Cumartesi, Nisan 22, 2017

gelincik...


evet başladılar,
baharın yeni süsleri,
gözümüzü, gönlümüzü güzelleştirmeye.


o kadar narinler ki,
ama bir o kadar da güçlü.


henüz açmamış tomurcuklar da,
hazır bekliyorlar.


gelincikler,


gelincikler işte,
54 yıllık ömrümün bu baharında da,
güzeller, hep güzeller.


Çarşamba, Nisan 19, 2017

bol limonlu kek...

sanki limon yermiş gibi olacağınız bir tarif
malzemeler:
100 gr tereyağ, 2 yumurta, 1/2 bardak toz şeker,
1/2 bardak limon suyu, 1 çay kaşığı karbonat,
limon kabuğu rendesi, alabildiğince un,
üstü için, 
1 yemek kaşığı pudra şekeri, 2 yemek kaşığı limon suyu


tereyağı oda ısısında yumuşatıp, şeker ile krema kıvamına gelene kadar çırpın,
iki yumurta ve limon suyunu ekleyip çırpmaya devam edin.
un kabartma tozu ve limon kabuğu rendesi de ekleyip iyice karıştırın.


kek hamurunu, kalıba döküp 180 derece fırına verin.


fırından çıkan keki ters çevirip,
1 yemek kaşığı pudra şekeri ve 2 yemek kaşığı limon suyu ile hazırladığınız karışımı,
kekik üzerinde gezdirin.


bir miktar limon kabuğu rendesi ile üzerini süsleyin.


koklaya koklaya yiyebilirsiniz.


afiyet olsun,
bize oldu.

Salı, Nisan 18, 2017

mutlu haber benden...


Bugün hava kapalı, ruhlar sıkıntılı
gündem farklı ama
  benim bir sevincim var, 
cok uzun yollardan oğlum ve gelinim geldi, 
💜👪💚👫💛
evim şenlendi.



Pazartesi, Nisan 17, 2017

renkli mandallar...


11 yıllık blog hayatımın en saçma postu da bu olsun,


çamaşır asarken bir araya gelmiş mandalları rengarenk görünce,
ne bileyim dayanamadım fotoğraf çekmeye başladım.


çok güzel görünüyorlardı.
hem renkleri seviyorum.
ya hoşuma gitti işte ..


hem mandalların da hakkı değil mi fotoğraflanmak.
oldu oldu güzel oldu.


💙💚💛💜💗

Cumartesi, Nisan 15, 2017

her bahar papatyalar...


💛💛💛💛💛💛💛


bu böyle hep sürsün,
baharlar gelsin, papatyalar açsın,
ömrümüz oldukça tanıklığımız olsun.


eski bir bahar fotoğrafının önüne bir papatya demeti düşsün.


tüm papatyaları sevsemde,
gönlüm bu minnakları görünce bir başka titrer.
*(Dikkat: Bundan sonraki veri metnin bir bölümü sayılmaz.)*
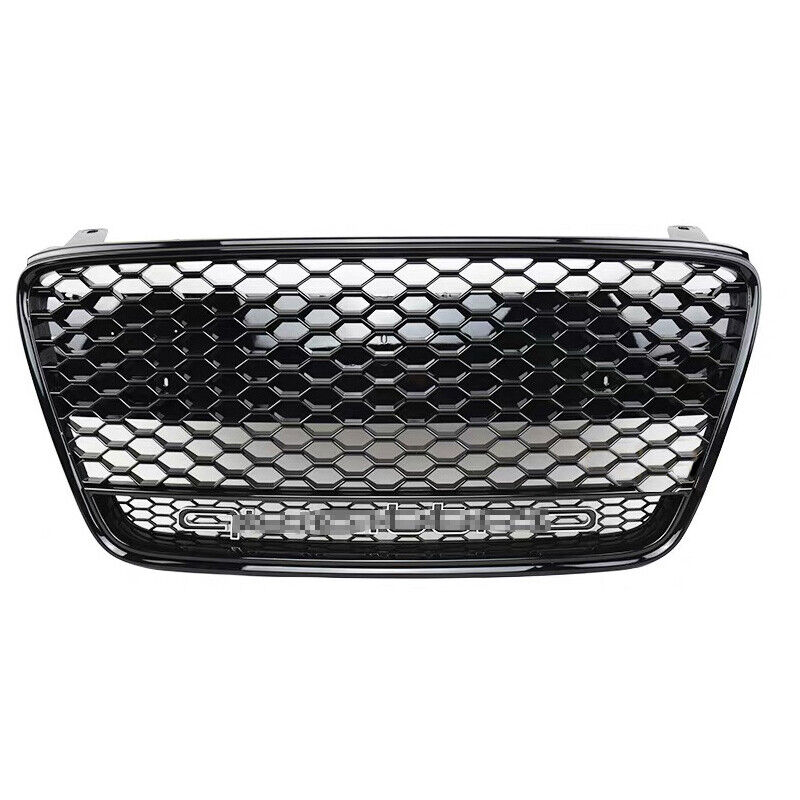 For Audi R8 2007 2008 2009 2010 2011 2012 2013 Henycomb Grill Lower Mesh Black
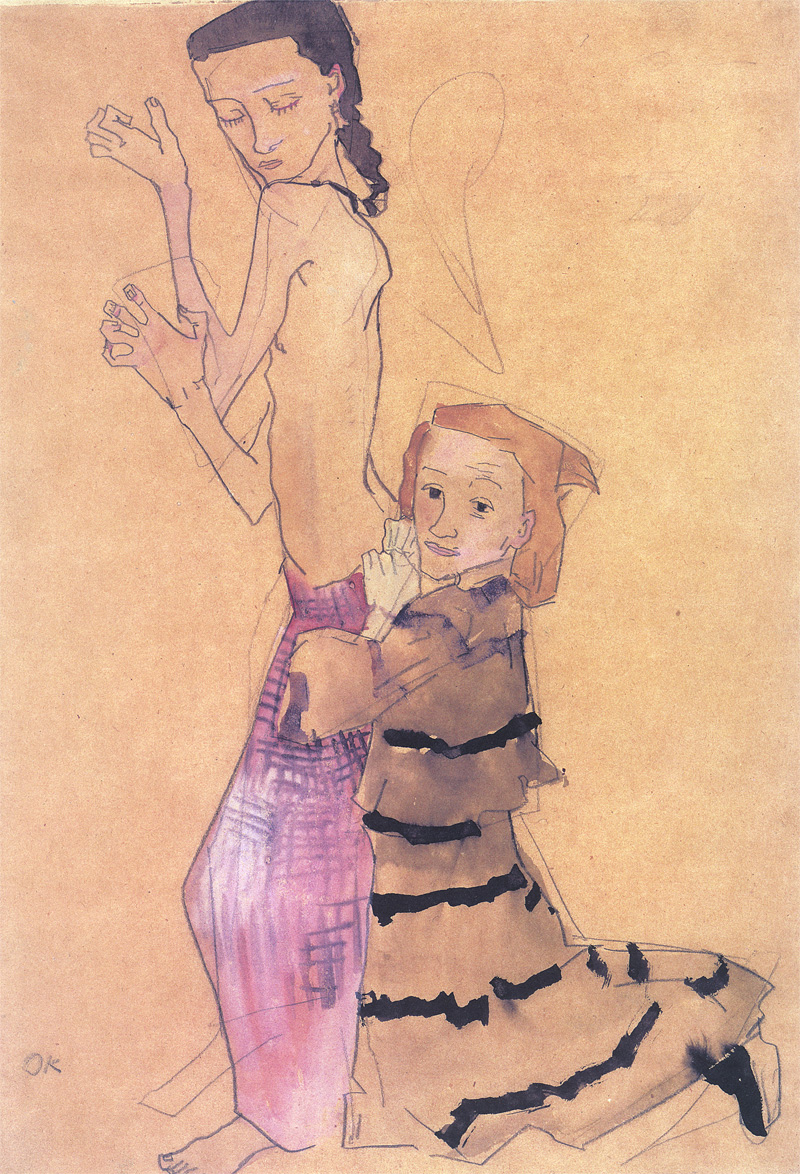 Lot 3187, Auction  128, Kokoschka, Oskar, Blätter aus Privatbesitz. Faksimile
minnak papatyalara bir minnak vazo.


birde o insanın içine işleyip,
iz bırakan kokusu yok mu.


kim bilir?
 kaç bahar daha papatyalara rastlayacak ömrüm.

Perşembe, Nisan 13, 2017

sibek ...


soğanın çiçeklenip tohum olmak için tam ortasından çıkan okuna,
buralarda ''sibek'' diyorlar.
20 yıl öncesi Datça köylerinde dolanırken tarla da bu okları toplayan bir kadın görüp,
merakla sormuştum. bu ne diye o zaman öğrendim adını, tadını.
hemen bir kucak sibek veren kadın. 
''bunları doğreycen, kavurcen, üstüne yımırta gırıvercen,
bak ye, gör, bi bek dadlı oluu'' dedi.


işte o vakitten beri her bahar, pazarda yolunu gözlerim.
benim için bahar sibekle gelir pazara.


külahları hariç doğrayıp,
tavaya koyarım.


zeytinyağını döküp, yumuşayana kadar kavururum.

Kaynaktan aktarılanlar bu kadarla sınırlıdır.